Dues 24 Jun 2024 6:30 UTC
1 point
0
Continuing the thread from here: https://deathisbad.substack.com/p/ea-has-a-pr-problem-in-that-it-cares/comments

I agree with you that an AI programmed exactly as the one you describe is doomed to fail. What I didn’t understand is why you think any AI MUST be made that way.

Some confusions of mine: -There is not a real distinction between instrumental and terminal goals in humans. This seems not true to me? I seem to have terminal goals\desires, like hunger and instrumental goals, like going to the store to buy food. Telling me that terminal goals don’t exist seems to prove too much. Are you saying that complex goals like “Don’t let humanity die” in humans brains are in practice instrumental goals made up of simpler desires?

-Becuase humans don’t ‘really’ have terminal goals, it’s impossible to program them into AIs. ?

-AI’s can’t be made to have ‘irrational’ goals, like caring about humans more than themselves. This also seems to prove that humans don’t exist? Can’t humans care about their children more than themselves? AI’s couldn’t be made to think of humans as valuable as humans think of their children? Or more?

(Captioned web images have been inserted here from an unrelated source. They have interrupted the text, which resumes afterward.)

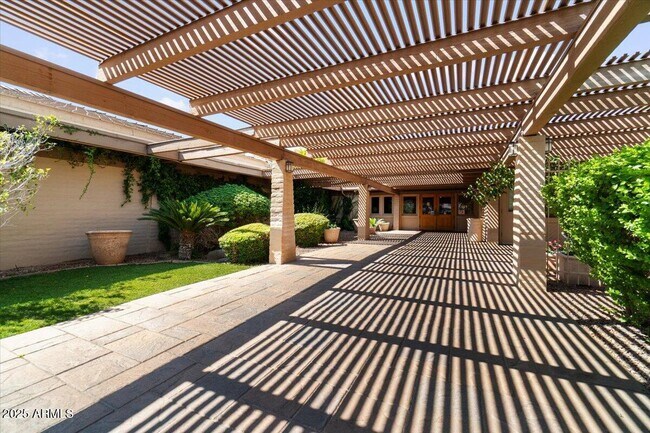 Building Photo - 5200 S Lakeshore Dr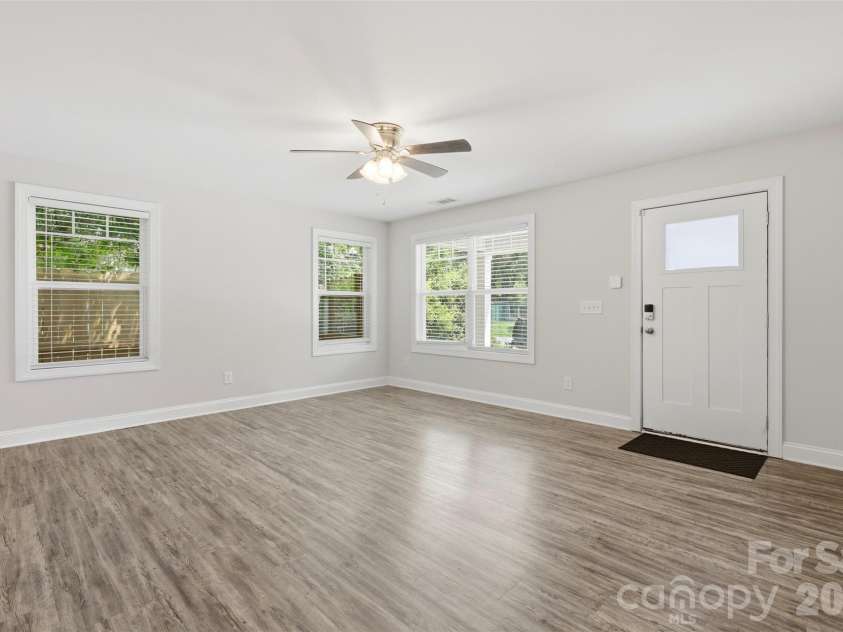 4221 End Street, Charlotte, NC 28208.  MLS# CAR4405194, YatesRealty ID 38611. 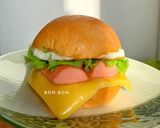 Hình bước làm 4 của món Hamburger Xúc Xích Phô Mai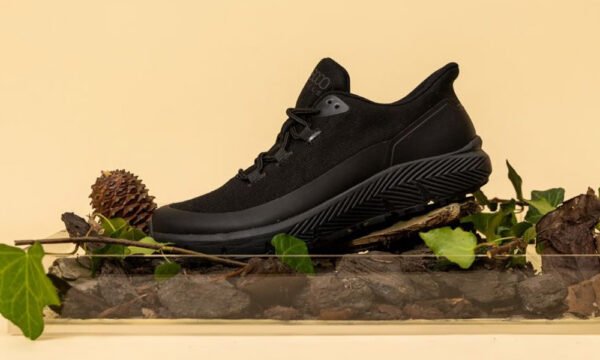 Waterproof HEMP sneakers for travelling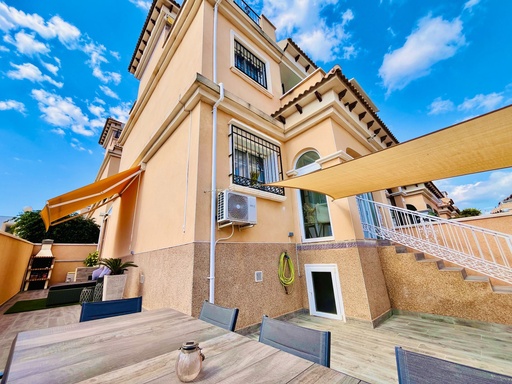 [402] [402] Casa adosada en Villamartin, Orihuela Costa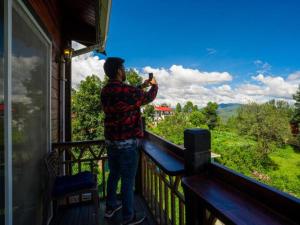 The Hosteller Kasar Devi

To choose an inflammatory argument, a gay man could think it’s irrational for him to want to date men, because that doesn’t lead to him having children. But that won’t make him want to date women. I have lots of irrational desires that I nevertheless treasure.
- Less importantly, I also feel like there’s an assumption that we would want to create an AI that is only as good as we are, not better then we are. But if we can’t even define our current values, then deciding what the superior values would be does sound like an even more impossible challenge. Having a superhuman AI that treated us the way we treat chickens would be pretty bad.